Editorials

Keep the tax system fair and transparent

tax

Real estate experts have cautioned investors to take 'careful consideration' of cultural, regulatory and tax matters in the region before sinking billions in the sector. PHOTO | SHUTTERSTOCK

A good tax system must meet at least these five basic conditions: fairness, adequacy, simplicity, transparency, and administrative ease.

The revelation that the Ministry of Energy has been collecting higher diesel taxes quashed by Parliament is yet another example of how Kenya’s tax system continues to fail the transparency test.
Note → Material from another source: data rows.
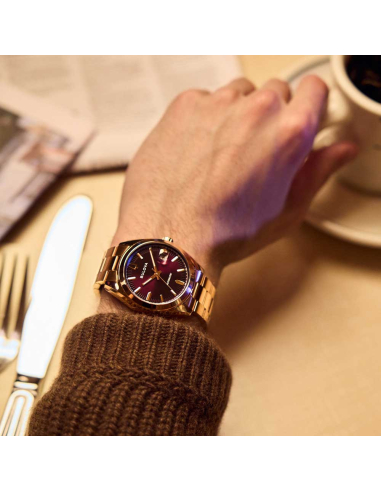Bulova Surveyor Automatic 97B234 Watch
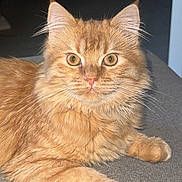 Simba participe au concours pour gagner de l'argent avec cette photo : cat, orange_cat, fluffy, pet, animal, feline, whiskers, ears, eyes, paws, fur, indoor, resting, cute, looking, closeup, domestic_cat, mammal, portrait, relaxed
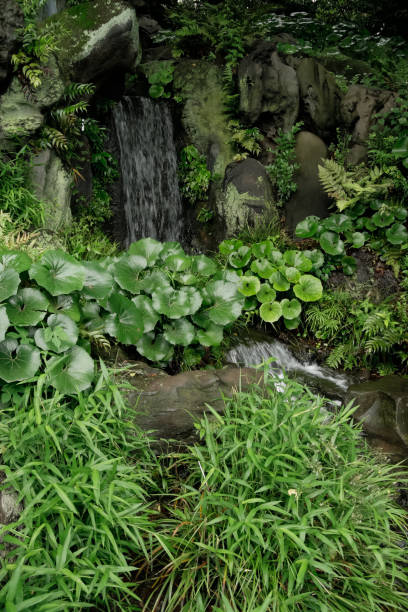 istock Greenery in the Urban Park, Tokyo 1584992875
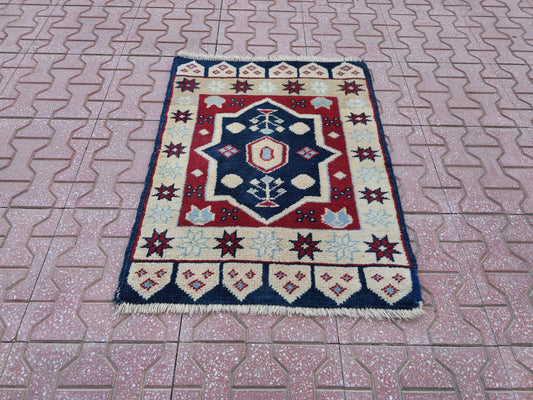 Vintage Handwoven Turkish Rug: Bohemian Oushak Small Rug (2x3)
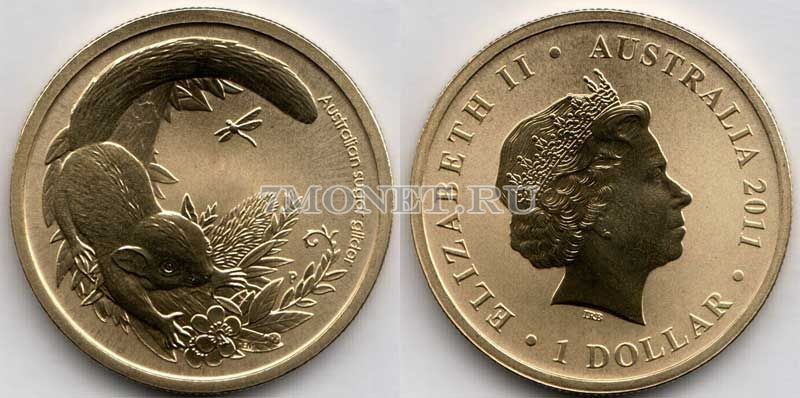монета Австралия 1 доллар 2011 год Серия детеныши животных - Сахарная сумчатая летяга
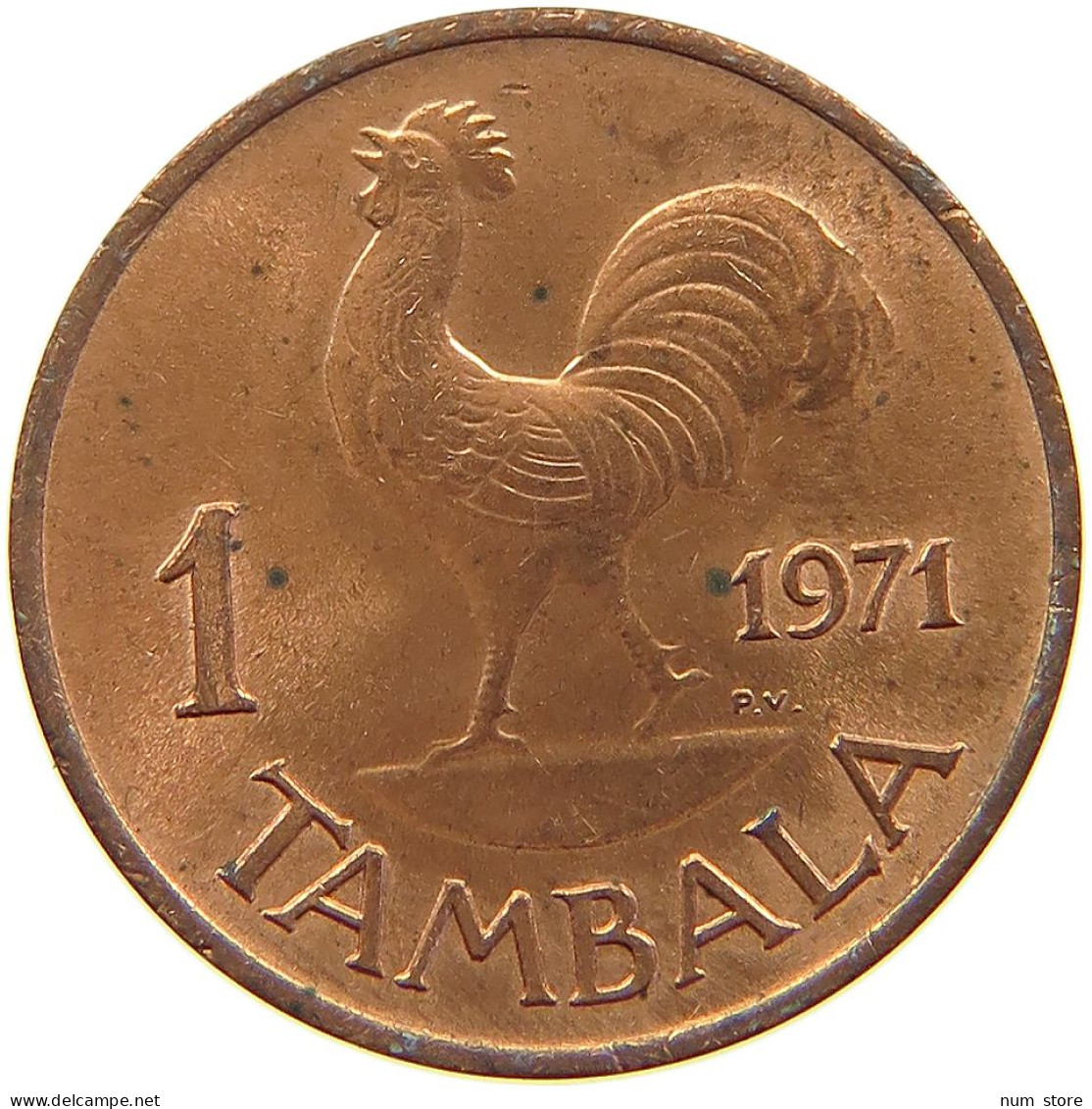 MALAWI TAMBALA 1971  #a086 0023 - Malawi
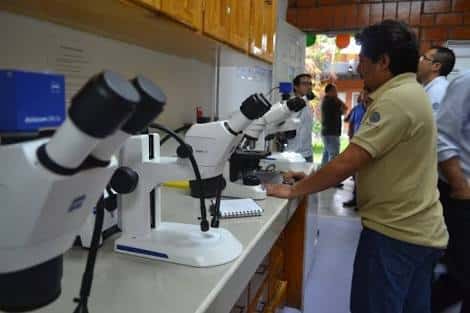 Recortes podrían impactar en investigaciones de estudiantes de ECOSUR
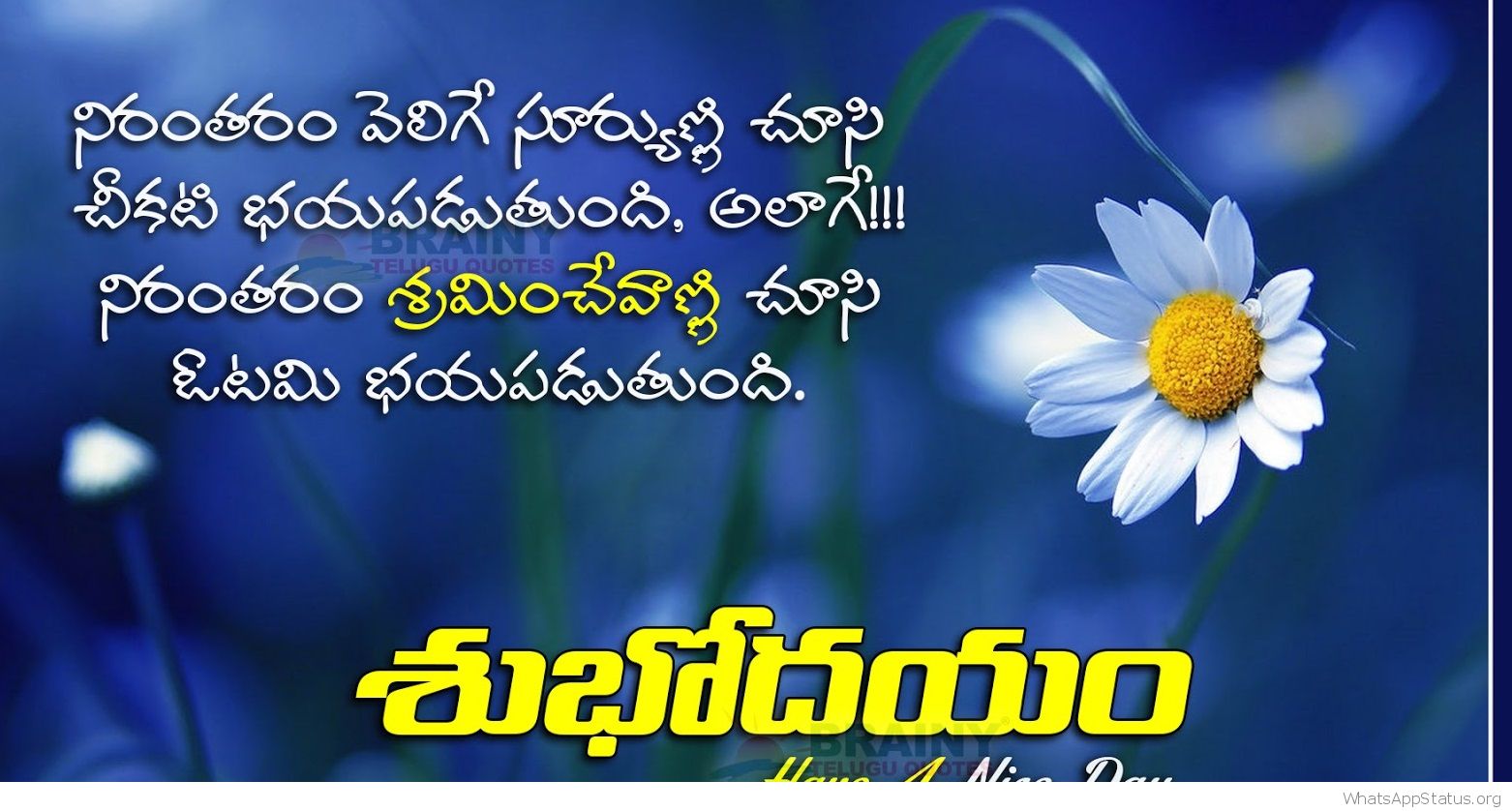 good morning images in telugu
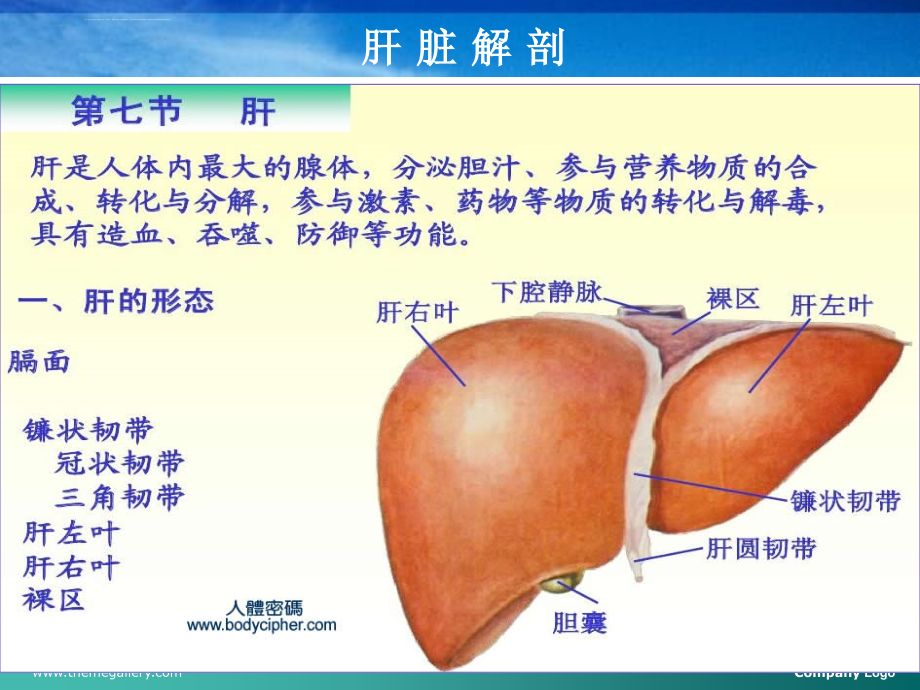 肝破裂护理查房4_第4页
Having failed to convince Parliament to increase the Petroleum Development Levy (PDL) to Sh5.40 per litre of diesel, from 40 cents, Energy sector players came up with a backdoor deal to retain the tax that had been abolished by Parliament in October last year.

This has exposed the Kenya Revenue Authority (KRA) to a Sh11 billion refund claim from motorists after the taxman continued to collect higher levies on diesel, 11 months after a law raising the fees was quashed.

Insiders at KRA — the principal collector of all government levies and taxes —said the agency went on collecting the levy at the higher rate after it received guidance from the Ministry of Energy but has now been left with a legal nightmare since the ministry failed to follow through on its end to legalise the tax by the issuance of a new gazette notice.

But in another show of contempt to the taxpayer, the ministry and the KRA have refused to legitimise the tax through a new process that requires them to facilitate public participation and get the tax gazetted.

We call on the relevant agencies to move with speed and correct the anomalies and if any person is found to have slept on the job, then the necessary disciplinary action should be taken.